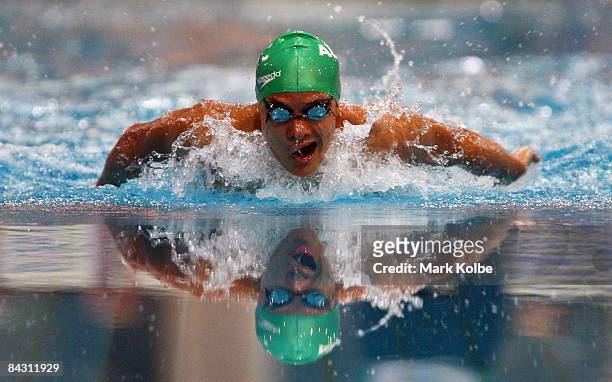 Kenneth To of Australia competes in 400m Individual Medley Final during day three of the Australian Youth Olympic Festival at the Sydney Olympic Park...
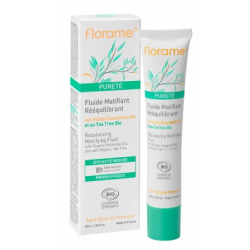 Fluide matifiant reequilibrant 40ml Florame  dans votre magasin bio en ligne Etiketbio.eu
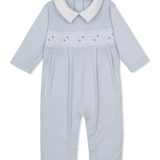 Playsuit with hand smocking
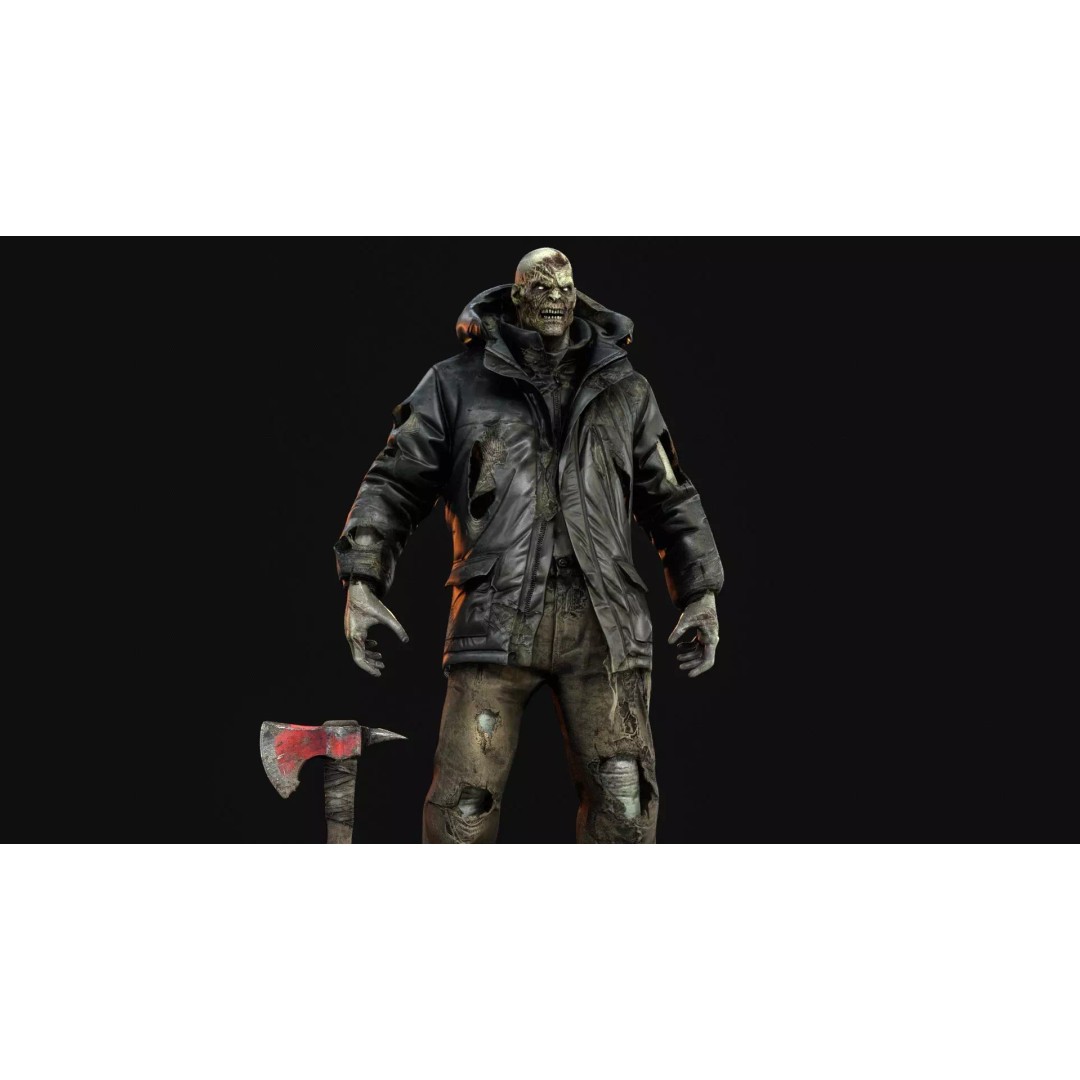 Zombie Juggernaut 3D Model – Low Poly Rigged Character for Games - View 18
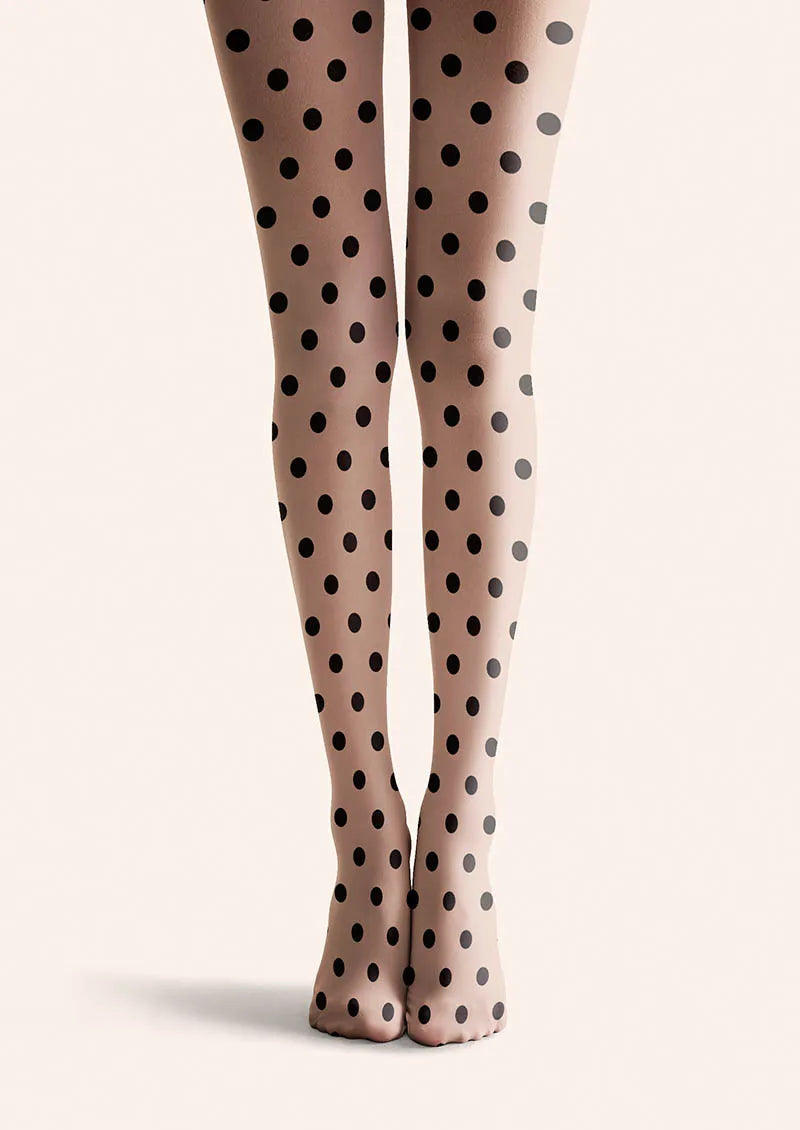 Pop Art Nude Dots Tights Hosiery Pantyhose
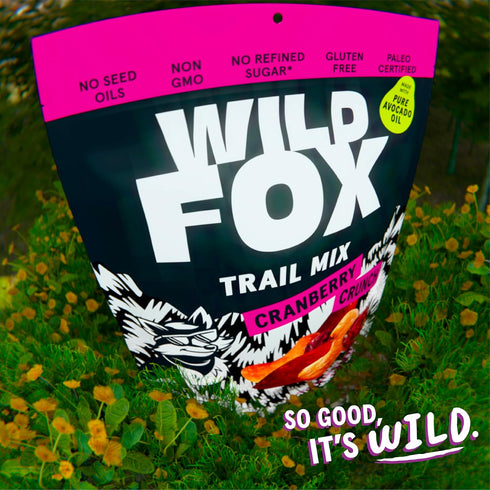 10 (Pack 3) Wild Fox Trail Mix Healthy Plant-Based Snack Made With Pure Avocado Oil And No Refined Sugar Or Seed Oils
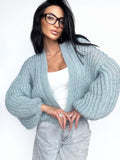 Mohair cardigan light blue women Wedding cardigan Mohair knit wool sweater coat Jacket Women Bridal shrug bolero wool Fluffy short cardigan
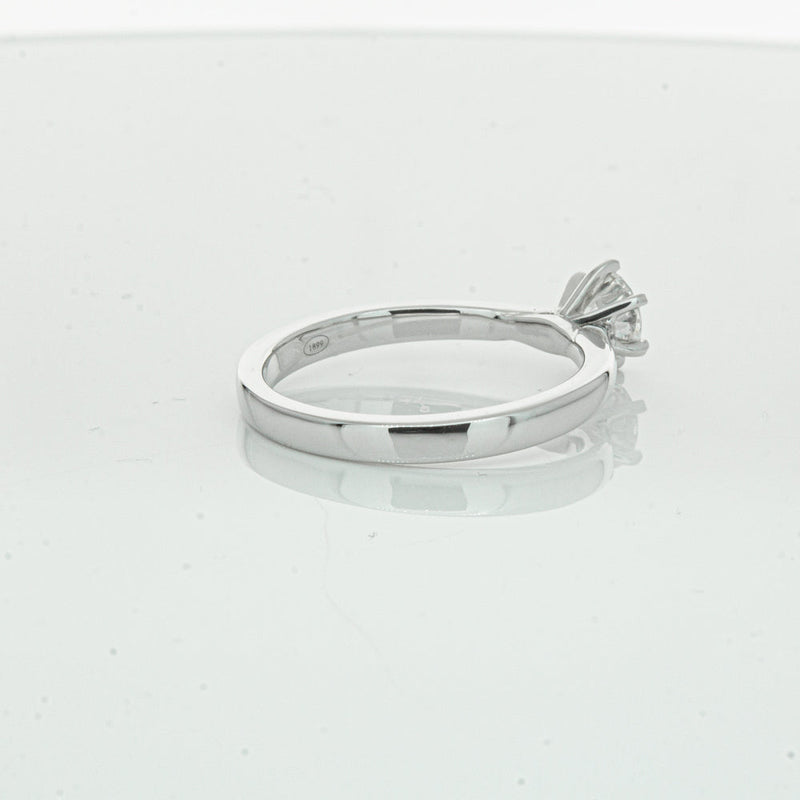 18ct White Gold .50ct Diamond Capri Ring-Ring-Walker & Hall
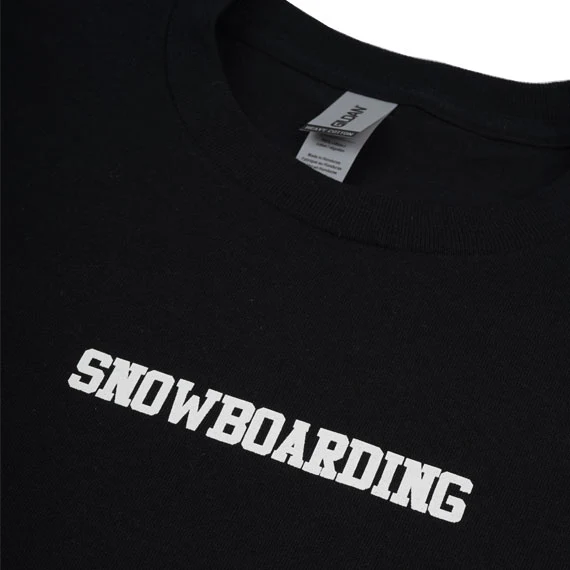 Source Kids' Snowboarding T-Shirt Black - Image 2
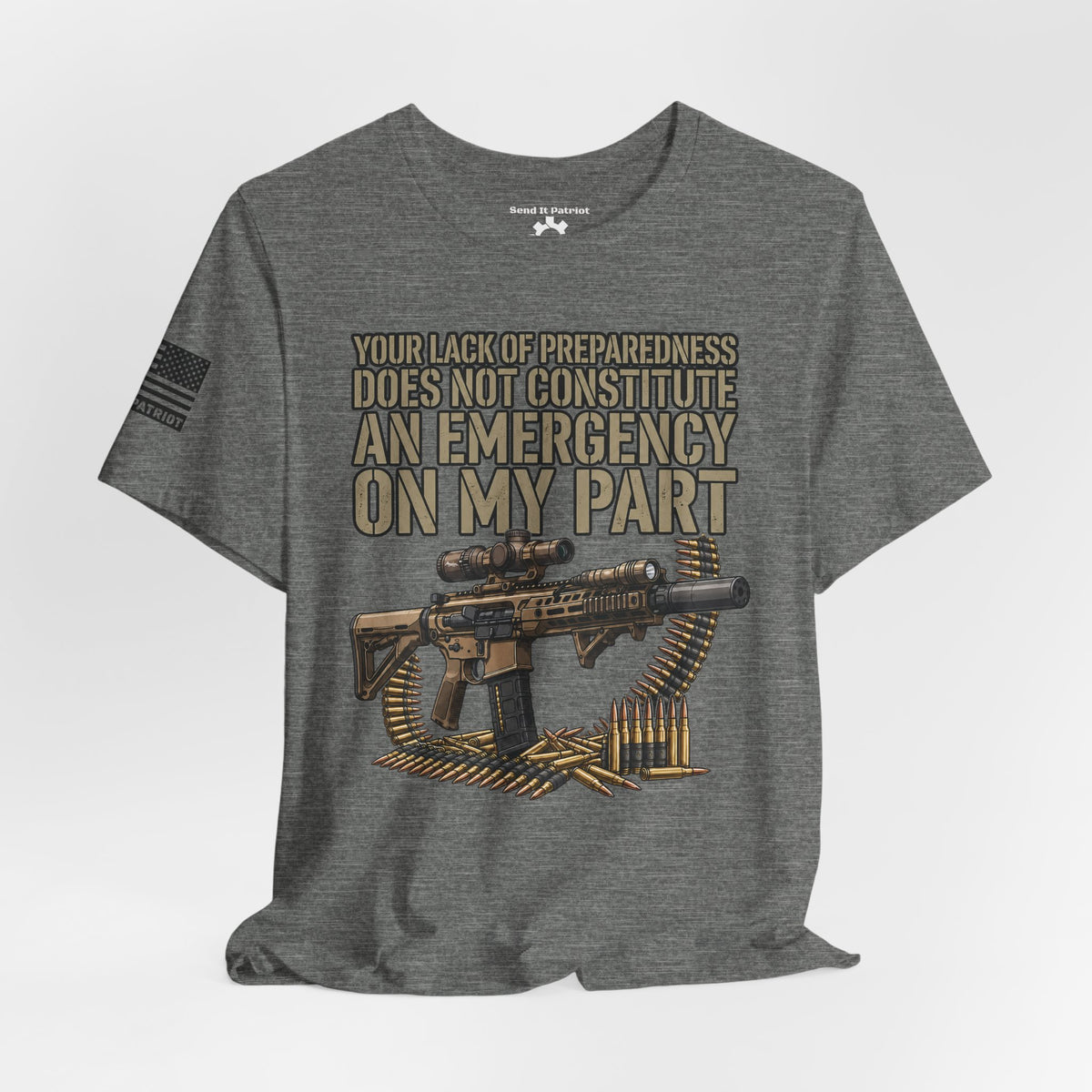Be Prepared Always T-Shirt — Patriotic Tee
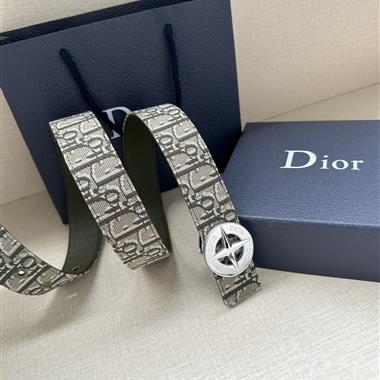 DIOR   2024新款時尚皮帶  3.5CM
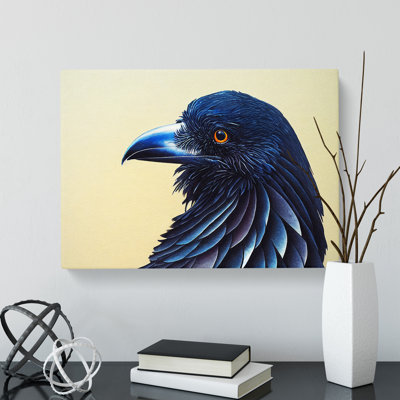 Classic Raven Bird - Wrapped Canvas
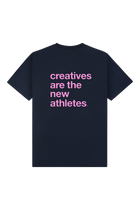 Catna Tee | Navy Blue / Pink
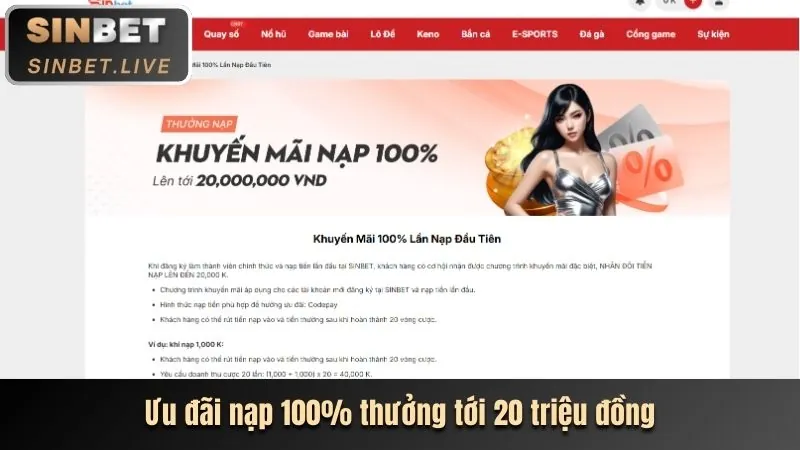 Tổng quan các loại khuyến mãi win555 nhà cái
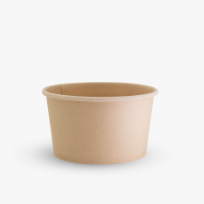 12oz PLA Lined Round Paper Soup Bowl (500/box)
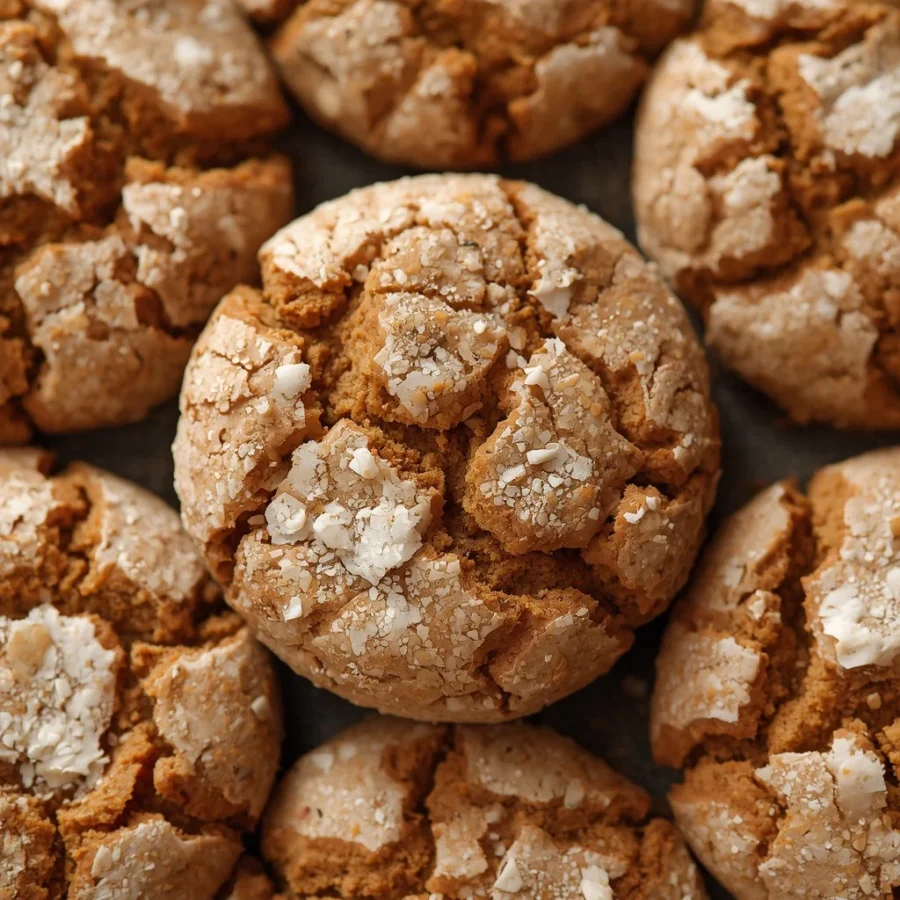 Chewy Molasses Crinkle Cookies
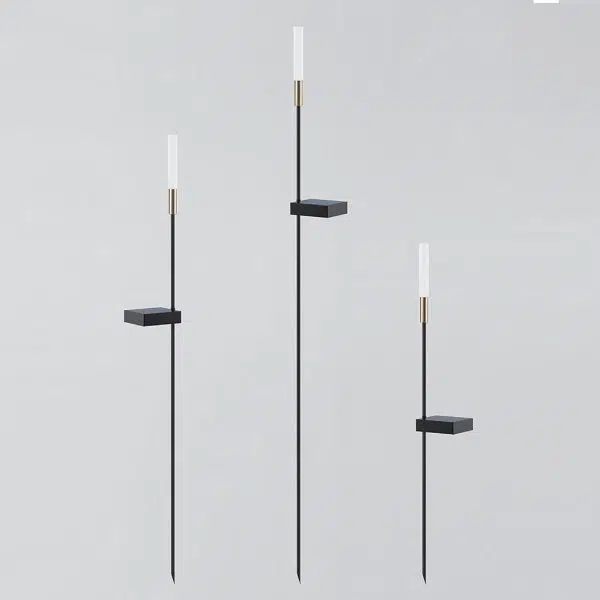 Reed & Cattail Outdoor Column Lights Low Voltage Solar LED Landscaping Garden Lawns Lighting - Image 9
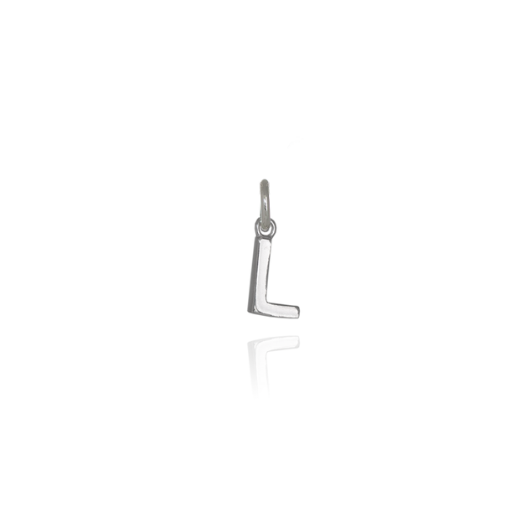 Mini Letter 'L' Pendant Charm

────

Repeat exactly the lines above, from the line that contains "Zombie Juggernaut 3D" down through the line that contains "18ct White Gold". Include both of those lines and none of the pictures.

→ **RESPONSE BELOW**:
 Zombie Juggernaut 3D Model – Low Poly Rigged Character for Games - View 18
 Pop Art Nude Dots Tights Hosiery Pantyhose
 10 (Pack 3) Wild Fox Trail Mix Healthy Plant-Based Snack Made With Pure Avocado Oil And No Refined Sugar Or Seed Oils
 Mohair cardigan light blue women Wedding cardigan Mohair knit wool sweater coat Jacket Women Bridal shrug bolero wool Fluffy short cardigan
 18ct White Gold .50ct Diamond Capri Ring-Ring-Walker & Hall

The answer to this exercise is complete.